## Action item
Repeat word for word, please, only the lines from the one that includes "Custom #16 White 2022 ATL Baseball Shirt Top" through the final line of the data.

## Information

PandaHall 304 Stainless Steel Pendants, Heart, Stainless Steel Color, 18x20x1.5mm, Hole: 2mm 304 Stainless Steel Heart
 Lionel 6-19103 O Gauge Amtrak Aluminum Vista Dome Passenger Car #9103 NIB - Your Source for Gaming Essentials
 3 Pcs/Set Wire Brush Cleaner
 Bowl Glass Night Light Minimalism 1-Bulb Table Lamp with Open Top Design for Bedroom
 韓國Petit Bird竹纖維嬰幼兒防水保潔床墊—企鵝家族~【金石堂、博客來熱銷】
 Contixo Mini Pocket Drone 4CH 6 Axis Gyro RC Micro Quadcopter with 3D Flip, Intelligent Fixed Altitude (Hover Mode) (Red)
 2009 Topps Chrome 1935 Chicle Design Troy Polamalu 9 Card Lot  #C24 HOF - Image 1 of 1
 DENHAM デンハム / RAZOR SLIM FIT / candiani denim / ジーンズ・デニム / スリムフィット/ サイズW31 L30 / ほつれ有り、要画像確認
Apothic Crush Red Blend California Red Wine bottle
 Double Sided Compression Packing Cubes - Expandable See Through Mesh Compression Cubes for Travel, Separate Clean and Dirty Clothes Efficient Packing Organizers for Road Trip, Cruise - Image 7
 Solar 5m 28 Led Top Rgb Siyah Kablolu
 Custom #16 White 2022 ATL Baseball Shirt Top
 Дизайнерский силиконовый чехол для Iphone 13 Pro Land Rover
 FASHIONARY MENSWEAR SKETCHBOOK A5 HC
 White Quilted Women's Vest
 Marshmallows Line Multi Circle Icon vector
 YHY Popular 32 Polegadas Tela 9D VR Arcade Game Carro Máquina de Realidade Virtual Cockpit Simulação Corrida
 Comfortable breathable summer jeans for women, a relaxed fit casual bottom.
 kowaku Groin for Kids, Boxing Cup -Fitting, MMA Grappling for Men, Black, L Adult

## Solved problem
 Custom #16 White 2022 ATL Baseball Shirt Top
 Дизайнерский силиконовый чехол для Iphone 13 Pro Land Rover
 FASHIONARY MENSWEAR SKETCHBOOK A5 HC
 White Quilted Women's Vest
 Marshmallows Line Multi Circle Icon vector
 YHY Popular 32 Polegadas Tela 9D VR Arcade Game Carro Máquina de Realidade Virtual Cockpit Simulação Corrida
 Comfortable breathable summer jeans for women, a relaxed fit casual bottom.
 kowaku Groin for Kids, Boxing Cup -Fitting, MMA Grappling for Men, Black, L Adult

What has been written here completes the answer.